Bumi, affiliated to one of Indonesia's oldest and biggest conglomerates, Bakrie & Brothers Tbk, better known as the Bakrie Group, started life as Bumi Modern in 1973 and later became a major player in the hotel and tourism sector. The family company had close ties to Suharto, and like many Indonesian companies fell on hard times in the wake of the Asian financial crisis. In 1998, citing adverse economic conditions, the Bakrie family shifted its core business from domestic-oriented hotels to export-oriented oil, natural gas and mining.
The move paid off handsomely. Sources close to the deal said the Bakrie family and other members of the consortium put $750 million into the kitty, with the remaining $2.5 billion pledged from debt instruments arranged by Credit Suisse First Boston (CSFB). Last year Bumi successfully sold $600 million in dollar-denominated bonds, which were backed by cash flows generated at Arutmin Indonesia and Kaltim Prima Coal.
The deal has a notable political component, harking to the New Order days. Aburazil Bakrie, who until December served as senior economics minister and is now the coordinating minister for social welfare, is one of Indonesia's richest officials, with a declared personal wealth of $121.9 million. Last year he ran for the Golkar party leadership. Though he didn't win, his standing in Suharto's old party is strong, and Golkar is still popular in the regions, notably where most of the country's energy projects are.
Bakrie has been rumored to have links to Renaissance and its Recapital Asia subsidiary - though the family is on record denying any connection. Recapital Asia has been at the center of many recent blockbuster debt-restructuring deals. Edwin Soeryadjaya, son of the founder of Indonesia's national car company Astra, and Sandiaga S Uno, chairman of the Young Indonesian Entrepreneurs Association, jointly own Recapital Asia, which was previously known as Rifan Financindo Advisory.
Before establishing Renaissance, Samin Tan, Surjadinata Sumantri and Dessi Natalegawa were all partners at the Jakarta office of accounting firm Delloite Tohmatsu. To date the finance company's reputation in capital markets has been top-rate, and it has successfully secured international financing for restructuring several indebted Indonesian-owned enterprises. Its prowess in lobbying with the government's asset-management company, Perusahaan Pengelola Aset (PPA), and its current chairman Mohammad Syahrial is the envy of other Jakarta finance houses.
Market watchers say Renaissance can broker funds into deals that many lenders would not touch, allowing it to leverage big deals with little capital. With Renaissance up front, but not obviously linked, the Bakrie Group would not fear any stigma of recently being one of Indonesia's biggest indebted conglomerates and today one its most financially active, some insiders suggest.

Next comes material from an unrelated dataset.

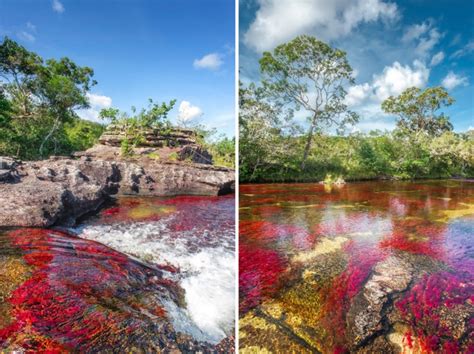 Le Caño Cristales La Rivière Aux Cinq Couleurs En Colombie Globe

Renaissance's Tan and Sumantri also jointly own Borneo Lumbung Energi, 75% and 25% respectively. Tan recently commented, "We will not sell Bumi again for the time being," a seeming admission that Renaissance has not only bought the two Bumi mines through Borneo Lumbung Energi, but is also calling managerial shots at Bumi.
Others behind Renaissance, like the founders themselves, had been leading executives in Chandra Asri, the first and only olefin (hydrocarbon) complex in Indonesia. Controversial from the outset, the $1.5 billion megaproject, awarded through the patronage networks of Suharto's New Order era, swallowed up vast amounts of money, suffered extraordinarily unfortunate timing, and highlighted the financial woes many Japanese trading companies suffered in their dealings with the then-ruling family's business associates.
"If Bakrie really is behind Renaissance, it would be a silent comeback for the family after losing control over Bank Nusa Nasional, one of the banks that merged [under government supervision] into Bank Danamon," said Yosef Ardi, a business editor at Bisnis Indonesia.
Back from the dead
In 2001, Bumi paid $140 million for its 80% stake in Arutmin from Australia's BHP Billiton. At the time, analysts were skeptical about the previously indebted company's ability to raise the funds needed to make the purchase. The deal was highly controversial given Bakrie's debt-restructuring exercise earlier that year, in which the company swapped $1.1 billion in debt for new equity, and was legally prohibited from making any new acquisitions. The deal went through nonetheless.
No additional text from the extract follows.